Fábula del ganso y su dueño
Los gansos son muy apreciados en Roma porque, según la leyenda, los gansos del Templo de Juno salvaron una vez a los últimos defensores de la ciudad de caer en manos de los galos cuando estos atacaron poco después del año 400 a. C.
La fábula cuenta que, muchos años después de este suceso, un romano decidió sacrificar uno de sus gansos para comérselo. Al principio, el ganso dejó que su dueño lo cogiera, pensando que se trataba de una visita pacífica. Pero en cuanto el dueño mencionó que estaba lo suficientemente gordo como para ser comido, el ganso se dio cuenta del destino que le esperaba.
Entonces comenzó a suplicar por su vida. El dueño le preguntó: «¿Por qué no debería matarte?». Y el ganso respondió: «Porque los gansos defendimos tu ciudad; gracias a nosotros, eres romano, no galo».
«Es cierto», dijo el dueño, «pero tengo hambre, necesito comer y tú eres un buen manjar».
«Sí», respondió el ganso, «pero no puedes matarme».
El propietario volvió a preguntar: «¿Y por qué no puedo matarte?».
El ganso repitió: «Porque nosotros, los gansos, salvamos la ciudad de Roma».
El propietario replicó: «Pero ¿qué hicisteis para salvar Roma?».
Una vez más, el ganso insistió: «Nosotros, los gansos, salvamos Roma; no puedes matarme».

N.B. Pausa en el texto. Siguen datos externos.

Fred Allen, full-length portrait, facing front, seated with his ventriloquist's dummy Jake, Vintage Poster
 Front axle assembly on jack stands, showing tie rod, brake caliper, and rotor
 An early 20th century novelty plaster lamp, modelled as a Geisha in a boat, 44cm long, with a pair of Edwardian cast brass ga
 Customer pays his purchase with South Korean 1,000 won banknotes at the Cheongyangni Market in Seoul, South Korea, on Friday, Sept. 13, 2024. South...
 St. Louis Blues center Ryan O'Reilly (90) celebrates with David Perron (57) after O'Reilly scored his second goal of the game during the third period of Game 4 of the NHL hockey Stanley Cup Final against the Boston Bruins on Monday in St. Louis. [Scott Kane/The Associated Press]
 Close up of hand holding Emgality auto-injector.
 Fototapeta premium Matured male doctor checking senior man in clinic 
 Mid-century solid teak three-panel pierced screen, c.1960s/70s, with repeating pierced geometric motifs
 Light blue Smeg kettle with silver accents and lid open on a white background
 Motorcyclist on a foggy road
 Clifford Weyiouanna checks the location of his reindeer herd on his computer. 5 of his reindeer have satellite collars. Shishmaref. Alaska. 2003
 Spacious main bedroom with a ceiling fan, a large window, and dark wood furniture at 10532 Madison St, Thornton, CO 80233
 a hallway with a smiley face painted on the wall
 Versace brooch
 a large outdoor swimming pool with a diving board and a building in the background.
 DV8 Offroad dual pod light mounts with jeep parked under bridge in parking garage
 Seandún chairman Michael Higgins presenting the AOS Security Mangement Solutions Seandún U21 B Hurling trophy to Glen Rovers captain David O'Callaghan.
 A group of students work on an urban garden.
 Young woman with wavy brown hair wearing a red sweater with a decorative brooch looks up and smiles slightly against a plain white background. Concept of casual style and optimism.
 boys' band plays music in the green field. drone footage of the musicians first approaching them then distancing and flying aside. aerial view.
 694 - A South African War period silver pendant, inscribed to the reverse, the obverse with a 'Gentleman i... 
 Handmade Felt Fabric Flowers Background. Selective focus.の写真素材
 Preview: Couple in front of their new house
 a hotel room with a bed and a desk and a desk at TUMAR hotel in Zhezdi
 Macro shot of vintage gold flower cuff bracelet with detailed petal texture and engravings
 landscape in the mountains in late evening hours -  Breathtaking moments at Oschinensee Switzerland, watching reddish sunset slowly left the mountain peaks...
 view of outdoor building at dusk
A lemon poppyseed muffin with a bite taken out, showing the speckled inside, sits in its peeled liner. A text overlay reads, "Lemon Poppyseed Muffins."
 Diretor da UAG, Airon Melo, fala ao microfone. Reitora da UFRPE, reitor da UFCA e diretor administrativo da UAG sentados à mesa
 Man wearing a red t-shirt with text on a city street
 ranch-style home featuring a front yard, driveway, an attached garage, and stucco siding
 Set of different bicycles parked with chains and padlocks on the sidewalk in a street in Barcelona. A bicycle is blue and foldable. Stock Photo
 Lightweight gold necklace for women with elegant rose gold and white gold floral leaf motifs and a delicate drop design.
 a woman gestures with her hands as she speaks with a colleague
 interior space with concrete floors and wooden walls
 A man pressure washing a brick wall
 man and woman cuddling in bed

«Pero ¿qué hicisteis?», insistió el propietario una vez más.
Y el ganso dio la misma respuesta: «Nosotros, los gansos, salvamos Roma».
La conversación continuó así hasta que el dueño se cansó y se comió al ganso. La lección de esta fábula es sencilla: cada persona es valorada por lo que hace, no por lo que hicieron sus antepasados. La idea de que somos buenos por lo que han logrado otros que «me representan» (por compartir mi país, mi raza, etc.) es muy común, pero es falsa. Tanto el juicio particular como el juicio final no se basarán en lo que hizo mi país, mi raza o mis antepasados, sino en lo que yo hice o dejé de hacer.
Nuestro Señor Jesucristo también luchó contra esta idea, ya que era muy extendida entre sus contemporáneos, especialmente entre aquellos que creían que estaban justificados simplemente por ser «hijos de Abraham». Jesús trató constantemente de enseñarles que el mérito es personal, no colectivo, y que cada persona es buena o mala, justa o injusta, santa o profana, basándose únicamente en sus propias acciones. La bondad es personal; no depende de los demás ni de lo que hicieron nuestros antepasados, sino de lo que cada uno de nosotros hace con su propia libertad.
Ser libre significa construir nuestra propia bondad. Somos libres de decidir qué tipo de persona queremos ser, y el tipo de persona en que nos convertimos está determinado por las elecciones que hacemos, por el bien o el mal que hacemos a través de nuestras decisiones. El bien o el mal que hicieron nuestros padres o antepasados no nos define; lo que nos cambia es el bien o el mal que hacemos a través de nuestras acciones y decisiones, en resumen, nuestra libertad.